New I2S driver microphone bytes format

Posted: Sun Feb 09, 2025 1:10 am
by messydr

I want to move from a setup using Arduino IDE with legacy I2S ("driver/i2s.h") to ESP-IDF and "driver/i2s_std.h".

The hardware / logic setup is:
  • ESP32-C3
  • MEMS microphone INMP411
  • GPIO numbers used: WS 0, SCK 1, SD 2
  • 16-bit, mono, 44.1kHz
  • data is send over network socket to a host
Highlights of working Arudino IDE with legacy I2S driver:

const i2s_config_t i2s_config = {.mode = i2s_mode_t(I2S_MODE_MASTER | I2S_MODE_RX),
				 .sample_rate = 44100,
				 .bits_per_sample = i2s_bits_per_sample_t(16),
				 .channel_format = I2S_CHANNEL_FMT_ONLY_LEFT,
				 .communication_format = i2s_comm_format_t(I2S_COMM_FORMAT_STAND_I2S),
				 .intr_alloc_flags = 0,
				 .dma_desc_num = 10,
				 .dma_frame_num = 1024,
				 .use_apll = false

int16_t volume_samples[1024];
size_t bytesIn = 0;

i2s_read(I2S_ESP32_PORT, &volume_samples, 2048, &bytesIn, portMAX_DELAY);
Audio data is:
  • send as:

	send(sockfd, volume_samples, bytesIn, 0);
  • received (for testing) in a Python script and stored as:

	with open(filename, "ab") as file:

		data = current_client_socket.recv(2048)
		if data:
  • decoded to signed int16 in a Python script as:

	file = open(args.filename, "r")
	volumes = np.fromfile(file, dtype=np.int16)
Works fine.

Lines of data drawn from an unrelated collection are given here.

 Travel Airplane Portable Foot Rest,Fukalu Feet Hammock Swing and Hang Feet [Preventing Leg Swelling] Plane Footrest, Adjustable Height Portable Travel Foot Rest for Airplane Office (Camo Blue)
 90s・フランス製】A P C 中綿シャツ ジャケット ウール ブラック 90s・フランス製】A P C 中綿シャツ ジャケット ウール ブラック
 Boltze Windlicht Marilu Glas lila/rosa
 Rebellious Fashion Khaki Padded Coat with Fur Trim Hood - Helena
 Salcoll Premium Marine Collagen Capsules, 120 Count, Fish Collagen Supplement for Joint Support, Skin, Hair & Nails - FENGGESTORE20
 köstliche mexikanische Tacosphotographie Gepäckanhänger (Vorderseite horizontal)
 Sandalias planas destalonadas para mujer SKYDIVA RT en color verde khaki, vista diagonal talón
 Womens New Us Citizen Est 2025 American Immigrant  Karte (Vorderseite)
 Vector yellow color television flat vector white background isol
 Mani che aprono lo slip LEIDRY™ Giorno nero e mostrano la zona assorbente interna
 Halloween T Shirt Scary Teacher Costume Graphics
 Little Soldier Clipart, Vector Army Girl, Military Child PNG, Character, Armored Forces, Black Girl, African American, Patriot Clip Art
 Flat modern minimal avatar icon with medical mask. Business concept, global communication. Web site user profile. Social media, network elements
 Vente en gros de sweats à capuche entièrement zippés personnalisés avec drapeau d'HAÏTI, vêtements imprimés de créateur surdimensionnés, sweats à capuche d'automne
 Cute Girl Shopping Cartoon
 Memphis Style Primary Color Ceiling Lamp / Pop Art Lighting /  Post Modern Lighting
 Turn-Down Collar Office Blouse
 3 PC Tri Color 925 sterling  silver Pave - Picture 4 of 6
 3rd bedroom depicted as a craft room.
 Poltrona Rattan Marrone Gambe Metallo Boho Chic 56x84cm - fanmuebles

After decoding to int16 the audio can look as this example:
Result with Arduino IDE and old (legacy) I2S driver
I want to replicate this setup with ESP-IDF and new I2S driver as:
  • config

i2s_chan_config_t rx_chan_cfg = {
		.id = I2S_NUM_AUTO,
		.role = I2S_ROLE_MASTER,
		.dma_desc_num = 10,
		.dma_frame_num = 1024,
i2s_std_config_t rx_std_cfg = {
		.clk_cfg = I2S_STD_CLK_DEFAULT_CONFIG(44100),
		.gpio_cfg =
			.mclk = I2S_GPIO_UNUSED,
			.bclk = GPIO_NUM_1,
			.ws = GPIO_NUM_0,
			.dout = I2S_GPIO_UNUSED,
			.din = GPIO_NUM_2,
			.invert_flags =
					.mclk_inv = false,
					.bclk_inv = false,
					.ws_inv = false,
rx_std_cfg.slot_cfg.slot_mask = I2S_STD_SLOT_LEFT;
ESP_ERROR_CHECK(i2s_channel_init_std_mode(rx_chan, &rx_std_cfg));
  • reading data

i2s_channel_read(rx_chan, &volume_samples, 2048, &bytesIn, portMAX_DELAY)
  • data is sent, received and decoded in the same way as outlined above
Unfortunately, with ESP-IDF and new I2S driver I can't get the proper data. After decoding I receive something like this.
Result with ESP-IDF and new I2S driver
Strangely, although the data contains only positive numbers (and in very narrow range), the audio (for example human speech) is understandable, but obviously very distorted.

How can I get the correct signed int16 values of audio data with the new I2S driver?
Could this be a bug? I strived to set the same settings using both drivers (old and new), so I'd expect them to give the same results.